• [Exercise description]
Take the material below and restate it word for word, stopping after the line in which "Reckless Stout 4" occurs.

• [Data excerpts]
--------

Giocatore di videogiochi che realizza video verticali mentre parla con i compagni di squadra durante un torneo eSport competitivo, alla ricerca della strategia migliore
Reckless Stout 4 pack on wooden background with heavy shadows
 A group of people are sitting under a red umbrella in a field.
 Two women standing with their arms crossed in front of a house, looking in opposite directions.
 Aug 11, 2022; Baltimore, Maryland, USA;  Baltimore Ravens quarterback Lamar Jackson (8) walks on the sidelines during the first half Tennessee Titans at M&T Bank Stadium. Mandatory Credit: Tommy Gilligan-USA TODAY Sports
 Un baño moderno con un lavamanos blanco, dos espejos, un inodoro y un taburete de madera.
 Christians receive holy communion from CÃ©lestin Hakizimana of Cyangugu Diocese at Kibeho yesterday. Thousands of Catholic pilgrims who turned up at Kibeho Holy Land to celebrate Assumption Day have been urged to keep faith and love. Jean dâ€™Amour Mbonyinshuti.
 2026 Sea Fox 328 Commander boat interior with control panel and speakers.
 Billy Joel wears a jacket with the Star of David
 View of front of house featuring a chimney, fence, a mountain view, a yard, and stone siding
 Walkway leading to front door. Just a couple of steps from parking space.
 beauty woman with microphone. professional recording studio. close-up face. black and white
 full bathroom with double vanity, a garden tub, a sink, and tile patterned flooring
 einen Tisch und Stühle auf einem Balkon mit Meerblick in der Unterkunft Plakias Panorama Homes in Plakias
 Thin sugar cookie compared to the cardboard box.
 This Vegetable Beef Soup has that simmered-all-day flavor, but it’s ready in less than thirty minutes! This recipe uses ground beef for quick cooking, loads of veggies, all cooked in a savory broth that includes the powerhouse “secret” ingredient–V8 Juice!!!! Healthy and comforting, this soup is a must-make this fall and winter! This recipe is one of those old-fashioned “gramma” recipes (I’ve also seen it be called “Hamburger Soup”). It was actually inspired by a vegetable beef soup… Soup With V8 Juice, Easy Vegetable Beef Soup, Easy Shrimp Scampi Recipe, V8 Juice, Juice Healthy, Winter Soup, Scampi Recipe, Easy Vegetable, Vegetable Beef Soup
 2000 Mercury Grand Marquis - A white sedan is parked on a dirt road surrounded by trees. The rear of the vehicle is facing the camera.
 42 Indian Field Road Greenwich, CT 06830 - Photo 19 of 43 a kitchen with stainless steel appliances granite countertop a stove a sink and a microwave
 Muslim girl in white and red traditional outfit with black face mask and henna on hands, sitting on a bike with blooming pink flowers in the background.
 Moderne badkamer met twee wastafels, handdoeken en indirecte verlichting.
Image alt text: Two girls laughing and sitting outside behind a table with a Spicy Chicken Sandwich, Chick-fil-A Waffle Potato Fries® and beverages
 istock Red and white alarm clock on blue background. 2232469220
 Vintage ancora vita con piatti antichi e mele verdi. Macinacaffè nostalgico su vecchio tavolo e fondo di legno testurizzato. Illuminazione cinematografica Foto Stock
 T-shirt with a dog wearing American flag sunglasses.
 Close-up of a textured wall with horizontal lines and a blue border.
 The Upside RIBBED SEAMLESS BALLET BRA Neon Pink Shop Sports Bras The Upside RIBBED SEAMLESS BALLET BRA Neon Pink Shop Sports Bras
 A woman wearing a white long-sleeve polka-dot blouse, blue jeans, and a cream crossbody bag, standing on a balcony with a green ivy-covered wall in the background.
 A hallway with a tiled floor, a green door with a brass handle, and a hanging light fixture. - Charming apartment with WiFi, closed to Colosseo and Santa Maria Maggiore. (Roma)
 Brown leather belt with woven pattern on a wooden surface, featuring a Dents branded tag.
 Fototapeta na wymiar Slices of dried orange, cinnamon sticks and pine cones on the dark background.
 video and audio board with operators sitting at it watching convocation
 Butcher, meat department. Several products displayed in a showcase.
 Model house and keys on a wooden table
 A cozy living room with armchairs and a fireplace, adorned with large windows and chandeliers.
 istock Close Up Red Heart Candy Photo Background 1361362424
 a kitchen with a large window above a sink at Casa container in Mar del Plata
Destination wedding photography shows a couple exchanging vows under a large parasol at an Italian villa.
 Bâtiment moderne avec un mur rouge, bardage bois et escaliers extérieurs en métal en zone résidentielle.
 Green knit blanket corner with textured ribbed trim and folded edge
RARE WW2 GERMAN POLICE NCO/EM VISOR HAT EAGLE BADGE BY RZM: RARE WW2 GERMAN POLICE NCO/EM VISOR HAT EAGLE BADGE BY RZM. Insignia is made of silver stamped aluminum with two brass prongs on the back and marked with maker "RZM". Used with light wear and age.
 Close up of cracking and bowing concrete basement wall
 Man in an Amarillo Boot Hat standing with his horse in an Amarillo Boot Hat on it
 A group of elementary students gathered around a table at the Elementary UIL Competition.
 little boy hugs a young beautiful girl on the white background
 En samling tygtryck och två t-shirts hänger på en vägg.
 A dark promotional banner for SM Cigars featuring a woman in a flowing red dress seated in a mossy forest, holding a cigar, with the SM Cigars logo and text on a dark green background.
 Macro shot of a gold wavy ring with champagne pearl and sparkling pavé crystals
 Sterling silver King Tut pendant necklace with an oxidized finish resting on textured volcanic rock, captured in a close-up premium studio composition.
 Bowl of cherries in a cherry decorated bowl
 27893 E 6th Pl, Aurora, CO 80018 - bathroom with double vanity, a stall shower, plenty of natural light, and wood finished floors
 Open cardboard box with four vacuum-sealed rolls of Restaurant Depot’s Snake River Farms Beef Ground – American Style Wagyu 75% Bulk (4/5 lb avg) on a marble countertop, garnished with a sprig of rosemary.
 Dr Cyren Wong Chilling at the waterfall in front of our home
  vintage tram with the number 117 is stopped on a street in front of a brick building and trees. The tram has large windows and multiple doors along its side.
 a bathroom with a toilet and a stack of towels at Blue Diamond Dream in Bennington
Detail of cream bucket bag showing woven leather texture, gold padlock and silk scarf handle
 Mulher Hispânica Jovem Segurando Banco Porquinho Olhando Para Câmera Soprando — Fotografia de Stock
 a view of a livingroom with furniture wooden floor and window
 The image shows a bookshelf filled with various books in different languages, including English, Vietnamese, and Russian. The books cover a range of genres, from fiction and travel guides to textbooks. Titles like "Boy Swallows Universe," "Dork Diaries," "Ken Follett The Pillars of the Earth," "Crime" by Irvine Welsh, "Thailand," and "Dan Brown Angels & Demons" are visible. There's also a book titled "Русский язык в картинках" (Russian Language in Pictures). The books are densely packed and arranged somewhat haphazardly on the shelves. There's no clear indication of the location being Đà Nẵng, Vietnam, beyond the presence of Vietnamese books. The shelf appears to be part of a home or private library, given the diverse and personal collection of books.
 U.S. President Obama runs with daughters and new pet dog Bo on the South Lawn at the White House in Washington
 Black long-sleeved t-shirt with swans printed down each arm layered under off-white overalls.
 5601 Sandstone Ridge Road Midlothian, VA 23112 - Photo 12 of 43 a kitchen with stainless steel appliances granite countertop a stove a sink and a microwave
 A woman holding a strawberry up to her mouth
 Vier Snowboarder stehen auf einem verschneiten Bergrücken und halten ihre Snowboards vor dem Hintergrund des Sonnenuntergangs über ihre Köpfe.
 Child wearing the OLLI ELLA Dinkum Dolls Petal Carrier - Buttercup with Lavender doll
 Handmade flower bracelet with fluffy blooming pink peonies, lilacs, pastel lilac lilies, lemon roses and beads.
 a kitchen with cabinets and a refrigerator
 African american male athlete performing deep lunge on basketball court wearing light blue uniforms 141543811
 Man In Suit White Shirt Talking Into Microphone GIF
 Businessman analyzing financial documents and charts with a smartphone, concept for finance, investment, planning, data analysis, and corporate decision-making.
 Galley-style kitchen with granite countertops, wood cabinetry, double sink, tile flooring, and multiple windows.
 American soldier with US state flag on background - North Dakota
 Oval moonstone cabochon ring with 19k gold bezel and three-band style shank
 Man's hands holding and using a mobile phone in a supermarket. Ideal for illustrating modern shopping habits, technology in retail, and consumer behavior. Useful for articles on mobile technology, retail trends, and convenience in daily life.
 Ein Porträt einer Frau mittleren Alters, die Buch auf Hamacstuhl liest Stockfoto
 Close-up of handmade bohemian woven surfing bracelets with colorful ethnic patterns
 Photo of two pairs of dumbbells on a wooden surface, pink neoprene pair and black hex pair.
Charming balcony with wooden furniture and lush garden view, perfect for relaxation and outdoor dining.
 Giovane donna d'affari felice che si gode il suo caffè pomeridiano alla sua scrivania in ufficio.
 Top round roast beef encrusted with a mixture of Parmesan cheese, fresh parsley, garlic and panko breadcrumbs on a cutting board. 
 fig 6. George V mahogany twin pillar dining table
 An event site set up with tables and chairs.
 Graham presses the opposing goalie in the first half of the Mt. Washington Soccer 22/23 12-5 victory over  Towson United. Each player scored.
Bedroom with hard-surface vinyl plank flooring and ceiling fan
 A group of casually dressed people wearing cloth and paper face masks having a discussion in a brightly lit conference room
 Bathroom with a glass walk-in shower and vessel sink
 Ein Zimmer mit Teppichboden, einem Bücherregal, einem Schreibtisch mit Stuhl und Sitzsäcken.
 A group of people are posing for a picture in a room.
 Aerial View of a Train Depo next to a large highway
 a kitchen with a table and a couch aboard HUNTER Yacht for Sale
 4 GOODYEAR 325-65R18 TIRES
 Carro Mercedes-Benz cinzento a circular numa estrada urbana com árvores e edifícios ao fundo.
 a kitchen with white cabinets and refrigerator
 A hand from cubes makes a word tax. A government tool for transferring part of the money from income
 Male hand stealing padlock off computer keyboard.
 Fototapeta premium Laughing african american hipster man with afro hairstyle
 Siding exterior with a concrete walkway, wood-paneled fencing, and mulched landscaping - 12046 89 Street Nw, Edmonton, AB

--------

• [Response area]
Giocatore di videogiochi che realizza video verticali mentre parla con i compagni di squadra durante un torneo eSport competitivo, alla ricerca della strategia migliore
Reckless Stout 4 pack on wooden background with heavy shadows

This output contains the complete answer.